Now, in 2013, 5 years later, Thayer, Braxton, Anna and I were off to the Tacoma Dome to finally see the Mother Monster in person. All four of us had been to a major concert at the Dome before when we saw Britney Spears’ Circus tour in April of 2009. We kept to the same game plan and rented a hotel room at the La Quinta, which is less than a mile from the Dome – totally walkable whilst intoxicated.
Supposedly I was expected to dress up for Lady Gaga. I think I got a text from Thayer and Braxton about a week before asking me what outfit I was going to buy. I obviously don’t like shopping and I obviously didn’t buy myself a new outfit. Instead, I put on my awesome Teenage Mutant Ninja Turtles tank and asked Anna to do my make-up (I know, weird, with gold eyeshadow and all).
After everyone was ready, we went straight to the Tacoma Dome and into the General Admission section. While waiting for Gaga, we made friends with all the amazing people around us. Everyone was dressed up, happy and ready for a good show.
When the show started, however, the GA crowd started pushing from the back and we were getting shoved around as late-comers were trying to fight their way to the front. I’m a big enough girl to hold a wall in the back. I tried to not move and protect my friends from the crowd pushing from behind.

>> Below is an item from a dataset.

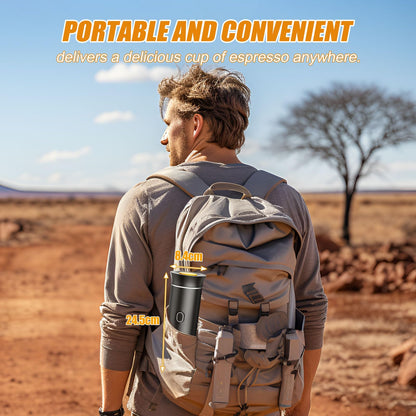 Zordin Portable Battery Espresso Coffee Maker for Travel, 20 bar Mini Car Espresso Machines, 3-in-1 Self-Heating Electric Espresso Maker, USB-C Ground Coffee & Capsule Pod(Ns&DG) RV, Hiking, Office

My “just don’t give any space” tactic seemed to be working but I was incredibly distracted and annoyed. One song ended and a girl behind pointed off to the left and said something. I had no idea what she was saying but just smiled and nodded. Evidently, her and I were not on the same page at all. She grabbed my arm and pulled me over so that she could bark in my ear, “You’re stepping on me.”
I was livid. I snapped back that if I was stepping on her, it’s clearly because she walked under me because I had been in that exact spot for hours. She then shoved me back and to the left.
Oh hell no.
I’ve never been in a fight before but I was this close to stepping back up and getting in her face.
Luckily, Braxton stepped in between us and told me to go in front of him. He made a point to tell both of us that we’d only get kicked out if we continued to yell.
I stood off to her left with Braxton in between us, fuming at her nerve. Then, Lady Gaga started addressing the audience.
Her message was crystal clear: love yourself for exactly who you are and love those around you. All of a sudden, I felt terrible. I was ashamed of my reaction to the crazy girl behind me. I may not like music very much, but I have been to plenty of concerts where you get trampled by people trying to push to the front. The musicians always make a plea and ask people to stop crushing the front situated concert goers against the stage. You have to feel bad for the people who arrived so early, only to be suffocated by the mob. Musicians always try, unsuccessfully, to help these people out.
Except Gaga. At a certain point, people just stopped. All of a sudden, all of the focus was on her. There was no more pushing.
It was great. Never have I seen someone control a crowd as well as Lady Gaga did that night. We were her obedient subjects and she was our Mother Monster. Crowd control can be a scary thing if put in the wrong hands but Gaga handled her power with grace.
She’d tell us to jump and we’d jump. She’d tell us to dance our fucking faces off and we would. She told us to love each other and ourselves and it was impossible not to that night.
If you ever have the chance to see her in person, I highly recommend it. Not only is it an amazing show but it’s a confidence booster as well (not that I need it).